Tracy Beaumont was written in honor of all the Black girls and womxn leading movements and the young womxn I advise and mentor, who are powerful beyond measure. I envision “Tracy’s Corner” as a way I would call other students to action if I were in high school today. I was a lot like Tracy, full of idealism and a desire to make the world a better place. I was president of my multicultural club and the local youth NAACP chapter in high school, and we held many meetings in the NAACP’s downtown office. In college, as a student organizer and co-president of the Black student union, I worked to bring my peers together to talk about important issues and try to effect change. Now I work on a college campus as an ally and advocate, and I bear witness to my students’ active engagement.
This Is My America is a piece of fiction; if this story were true, there wouldn’t be an immediate happy ending for the Beaumonts. They would continue to live in the same society, combating racial prejudice and inequality—with all the disadvantages and stains of post-prison survival and recovery. I wanted to leave my readers with hope but nevertheless reflect real-life struggles, which is why Tracy’s friend Tasha and her family are still on an uphill journey of life after prison at the end of the novel.
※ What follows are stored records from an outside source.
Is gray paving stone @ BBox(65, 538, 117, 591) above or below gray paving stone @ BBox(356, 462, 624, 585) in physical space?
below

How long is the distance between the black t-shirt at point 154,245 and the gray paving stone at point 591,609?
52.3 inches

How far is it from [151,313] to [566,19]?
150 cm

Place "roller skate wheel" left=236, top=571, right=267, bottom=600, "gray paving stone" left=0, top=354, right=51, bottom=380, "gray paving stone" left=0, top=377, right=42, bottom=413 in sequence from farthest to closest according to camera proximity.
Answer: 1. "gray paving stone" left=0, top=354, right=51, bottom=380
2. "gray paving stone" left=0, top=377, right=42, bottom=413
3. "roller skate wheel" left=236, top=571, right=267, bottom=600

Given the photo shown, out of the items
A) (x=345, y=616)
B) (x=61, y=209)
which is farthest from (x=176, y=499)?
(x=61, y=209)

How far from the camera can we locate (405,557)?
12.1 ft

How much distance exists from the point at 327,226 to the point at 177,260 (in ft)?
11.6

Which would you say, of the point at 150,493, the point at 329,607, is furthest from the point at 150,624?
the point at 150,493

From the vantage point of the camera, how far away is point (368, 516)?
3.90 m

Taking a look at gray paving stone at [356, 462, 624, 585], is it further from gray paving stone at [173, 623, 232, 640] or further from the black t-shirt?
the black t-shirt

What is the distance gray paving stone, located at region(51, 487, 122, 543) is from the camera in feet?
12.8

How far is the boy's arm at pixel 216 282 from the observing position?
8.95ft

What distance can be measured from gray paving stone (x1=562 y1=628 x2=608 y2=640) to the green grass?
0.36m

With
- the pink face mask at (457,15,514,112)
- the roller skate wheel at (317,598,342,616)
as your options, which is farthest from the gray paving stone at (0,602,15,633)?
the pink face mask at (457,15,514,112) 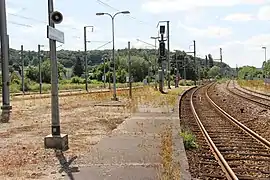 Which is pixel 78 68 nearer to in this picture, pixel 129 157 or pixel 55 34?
pixel 55 34

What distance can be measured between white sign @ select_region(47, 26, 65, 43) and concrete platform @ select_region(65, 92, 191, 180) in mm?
2728

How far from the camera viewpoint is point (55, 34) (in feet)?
36.8

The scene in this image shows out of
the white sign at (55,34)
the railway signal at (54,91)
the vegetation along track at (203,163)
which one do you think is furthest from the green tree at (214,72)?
the railway signal at (54,91)

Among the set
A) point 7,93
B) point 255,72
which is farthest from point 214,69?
point 7,93

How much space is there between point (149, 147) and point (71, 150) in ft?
6.16

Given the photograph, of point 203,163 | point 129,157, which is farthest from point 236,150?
point 129,157

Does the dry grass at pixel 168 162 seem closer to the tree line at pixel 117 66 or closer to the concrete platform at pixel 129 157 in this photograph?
the concrete platform at pixel 129 157

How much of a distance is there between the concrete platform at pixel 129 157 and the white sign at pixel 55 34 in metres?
2.73

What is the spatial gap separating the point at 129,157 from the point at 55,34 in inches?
130

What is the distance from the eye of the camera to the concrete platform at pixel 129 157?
8516 mm

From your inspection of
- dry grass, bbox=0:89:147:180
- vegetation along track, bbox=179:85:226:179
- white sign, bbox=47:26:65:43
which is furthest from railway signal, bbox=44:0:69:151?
vegetation along track, bbox=179:85:226:179

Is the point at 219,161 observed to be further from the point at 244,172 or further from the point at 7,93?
the point at 7,93

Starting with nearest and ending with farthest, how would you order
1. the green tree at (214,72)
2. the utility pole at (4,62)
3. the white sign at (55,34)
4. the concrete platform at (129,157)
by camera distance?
the concrete platform at (129,157)
the white sign at (55,34)
the utility pole at (4,62)
the green tree at (214,72)

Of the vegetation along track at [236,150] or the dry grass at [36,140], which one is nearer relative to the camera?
the dry grass at [36,140] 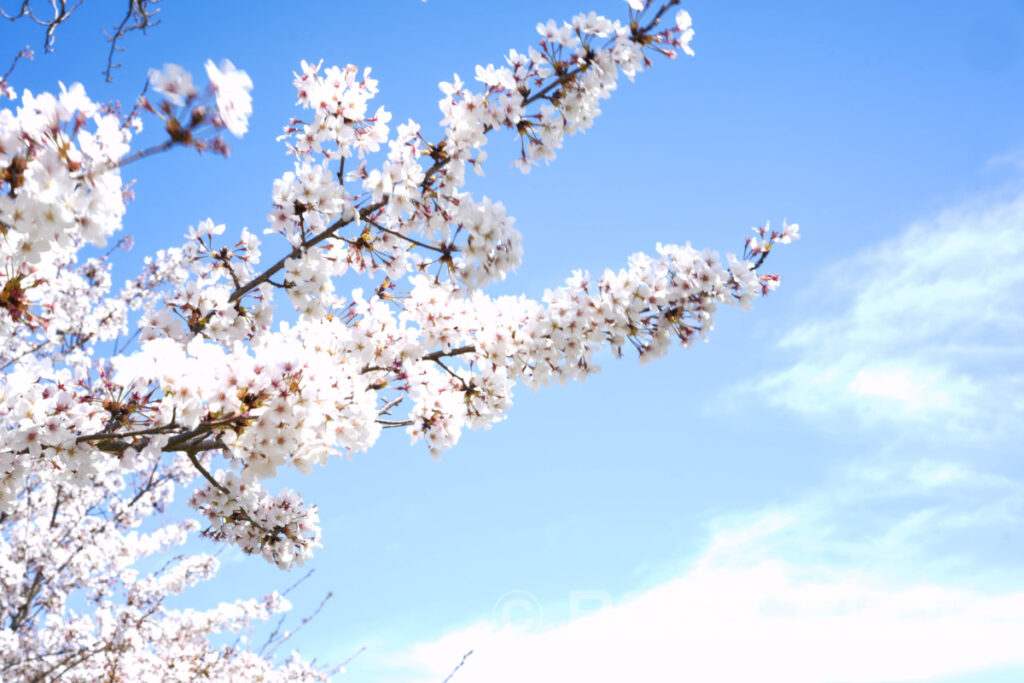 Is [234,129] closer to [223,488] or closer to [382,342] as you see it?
[382,342]

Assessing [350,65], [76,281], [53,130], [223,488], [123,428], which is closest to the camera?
[53,130]

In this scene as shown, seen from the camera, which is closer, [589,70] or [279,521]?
[589,70]

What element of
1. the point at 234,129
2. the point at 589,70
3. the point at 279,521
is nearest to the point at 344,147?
the point at 589,70

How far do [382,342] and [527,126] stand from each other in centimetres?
168

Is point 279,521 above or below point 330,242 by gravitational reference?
below

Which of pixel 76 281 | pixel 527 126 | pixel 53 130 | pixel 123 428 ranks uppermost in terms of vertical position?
pixel 76 281

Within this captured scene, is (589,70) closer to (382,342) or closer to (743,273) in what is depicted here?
(743,273)

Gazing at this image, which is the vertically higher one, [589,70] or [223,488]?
[589,70]

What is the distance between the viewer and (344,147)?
420cm

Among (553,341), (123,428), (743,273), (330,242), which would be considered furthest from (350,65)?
(743,273)

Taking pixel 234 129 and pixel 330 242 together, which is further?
pixel 330 242

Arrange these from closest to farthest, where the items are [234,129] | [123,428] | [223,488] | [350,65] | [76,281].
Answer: [234,129] < [123,428] < [350,65] < [223,488] < [76,281]

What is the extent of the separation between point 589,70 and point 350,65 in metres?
1.44

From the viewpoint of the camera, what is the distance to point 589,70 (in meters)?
4.13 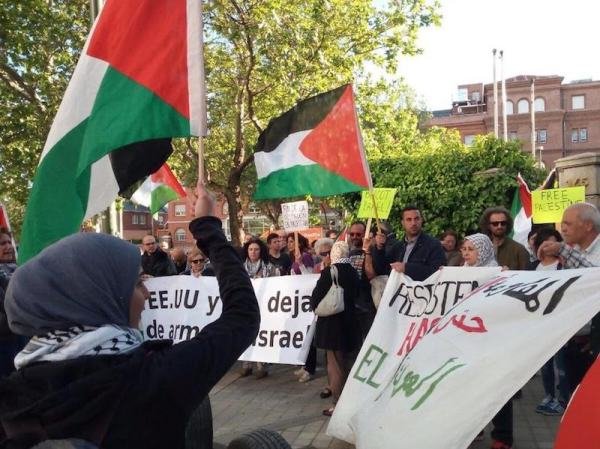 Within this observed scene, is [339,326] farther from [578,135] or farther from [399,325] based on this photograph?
[578,135]

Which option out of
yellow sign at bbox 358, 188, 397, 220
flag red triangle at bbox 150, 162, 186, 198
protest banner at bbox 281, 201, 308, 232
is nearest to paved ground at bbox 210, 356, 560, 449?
yellow sign at bbox 358, 188, 397, 220

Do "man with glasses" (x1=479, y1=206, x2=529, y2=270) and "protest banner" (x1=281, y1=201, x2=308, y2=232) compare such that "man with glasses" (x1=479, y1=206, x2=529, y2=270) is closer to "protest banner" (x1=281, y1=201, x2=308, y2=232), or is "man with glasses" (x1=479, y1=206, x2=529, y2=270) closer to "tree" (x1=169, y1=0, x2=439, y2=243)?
"protest banner" (x1=281, y1=201, x2=308, y2=232)

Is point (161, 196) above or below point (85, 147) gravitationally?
below

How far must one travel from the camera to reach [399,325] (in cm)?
455

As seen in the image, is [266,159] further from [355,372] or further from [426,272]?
[355,372]

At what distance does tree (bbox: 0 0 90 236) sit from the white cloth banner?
7.61 meters

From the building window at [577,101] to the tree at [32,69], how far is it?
205 feet

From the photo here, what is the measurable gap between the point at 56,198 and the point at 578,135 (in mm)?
70455

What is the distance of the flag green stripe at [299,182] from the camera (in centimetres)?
603

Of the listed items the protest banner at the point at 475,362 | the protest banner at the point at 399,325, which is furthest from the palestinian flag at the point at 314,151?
the protest banner at the point at 475,362

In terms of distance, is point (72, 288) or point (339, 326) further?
point (339, 326)

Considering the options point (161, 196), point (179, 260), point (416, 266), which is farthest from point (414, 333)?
point (179, 260)

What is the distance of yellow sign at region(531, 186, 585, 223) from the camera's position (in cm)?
805

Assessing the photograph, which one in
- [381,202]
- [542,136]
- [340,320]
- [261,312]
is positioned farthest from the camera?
[542,136] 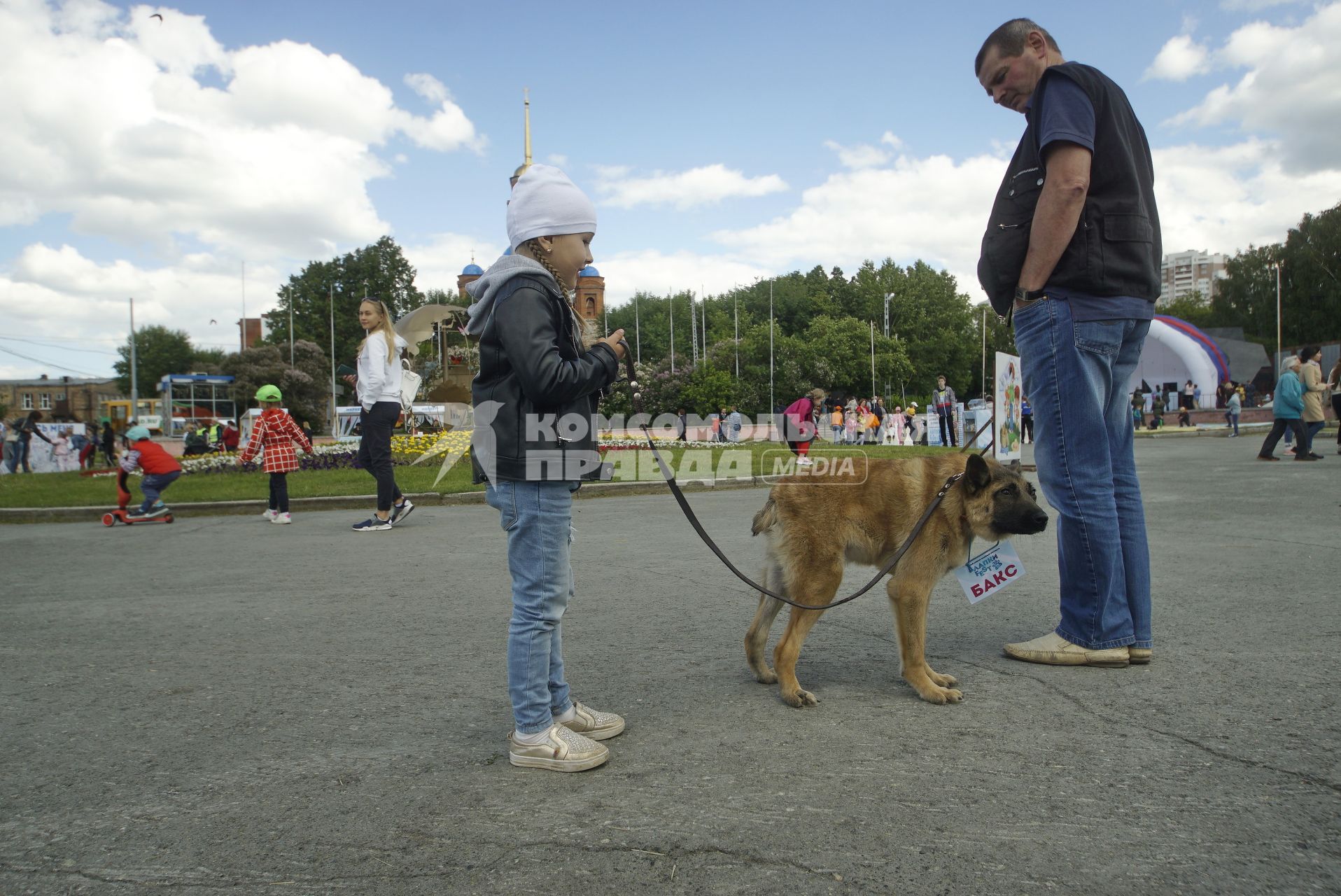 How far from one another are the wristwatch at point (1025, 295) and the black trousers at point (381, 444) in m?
7.39

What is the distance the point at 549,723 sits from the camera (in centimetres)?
290

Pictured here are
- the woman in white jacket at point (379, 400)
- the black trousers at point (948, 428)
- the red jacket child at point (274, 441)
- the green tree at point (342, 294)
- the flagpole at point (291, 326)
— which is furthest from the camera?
the green tree at point (342, 294)

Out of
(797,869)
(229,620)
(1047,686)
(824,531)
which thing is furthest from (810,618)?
(229,620)

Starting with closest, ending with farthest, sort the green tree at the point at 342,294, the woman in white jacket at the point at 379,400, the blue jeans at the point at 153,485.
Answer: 1. the woman in white jacket at the point at 379,400
2. the blue jeans at the point at 153,485
3. the green tree at the point at 342,294

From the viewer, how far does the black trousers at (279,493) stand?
1052 cm

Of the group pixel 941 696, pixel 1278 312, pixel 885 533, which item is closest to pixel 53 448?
pixel 885 533

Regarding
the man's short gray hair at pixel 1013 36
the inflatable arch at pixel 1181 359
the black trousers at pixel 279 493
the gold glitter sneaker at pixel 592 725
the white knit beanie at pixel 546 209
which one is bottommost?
the gold glitter sneaker at pixel 592 725

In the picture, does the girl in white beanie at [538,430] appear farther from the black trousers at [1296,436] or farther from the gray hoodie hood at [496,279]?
the black trousers at [1296,436]

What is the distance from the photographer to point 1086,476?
380 centimetres

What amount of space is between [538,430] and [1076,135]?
266 cm

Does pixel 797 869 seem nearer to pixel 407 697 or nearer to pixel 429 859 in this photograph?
pixel 429 859

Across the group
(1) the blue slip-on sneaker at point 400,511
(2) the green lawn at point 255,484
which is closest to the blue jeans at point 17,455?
(2) the green lawn at point 255,484

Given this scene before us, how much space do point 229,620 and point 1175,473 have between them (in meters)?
15.2

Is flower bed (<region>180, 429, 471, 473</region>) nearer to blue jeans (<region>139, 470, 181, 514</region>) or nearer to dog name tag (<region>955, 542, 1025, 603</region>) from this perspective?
blue jeans (<region>139, 470, 181, 514</region>) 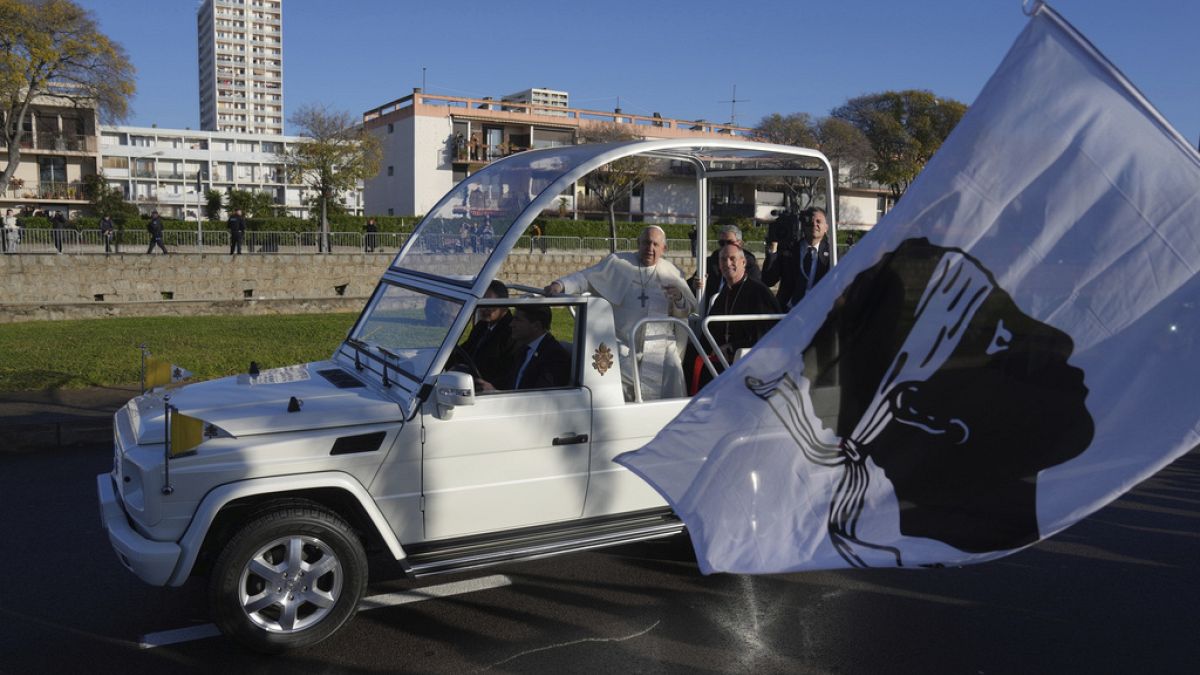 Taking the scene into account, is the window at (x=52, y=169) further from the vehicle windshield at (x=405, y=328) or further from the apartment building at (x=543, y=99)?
the vehicle windshield at (x=405, y=328)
This Is My America’s DNA is embedded from beginning to end with complex topics that impact Black Americans today. The Beaumonts’ story showcases how generational trauma caused by mass incarceration reverberates throughout the Black American experience today. The story weaves past and present. It is based as much on Thurgood Marshall’s story told in Devil in the Grove as it is on Just Mercy. The present is still a reflection of the past.
The death penalty is one of today’s most horrifying examples of the legacy of slavery. This is why I selected the topic of the death penalty out of many issues of mass incarceration. This history began as early as 1619, when African slaves were brought to the British colony of Jamestown, Virginia, as part of the transatlantic slave trade. Legal bondage of those enslaved and their descendants continued until the ratification of the Thirteenth Amendment ended de jure slavery in 1865. During the Reconstruction era, Southern whites rebelled against the end of slavery, and a terrorist group, the Ku Klux Klan, was born. By 1870, Klan representation had expanded to almost every state. Slavery had ended, except as a punishment for a crime. So former slaves found themselves being charged with vague crimes like “loitering.” The country had profited from slavery, and prisoners became a viable exception for use of free labor.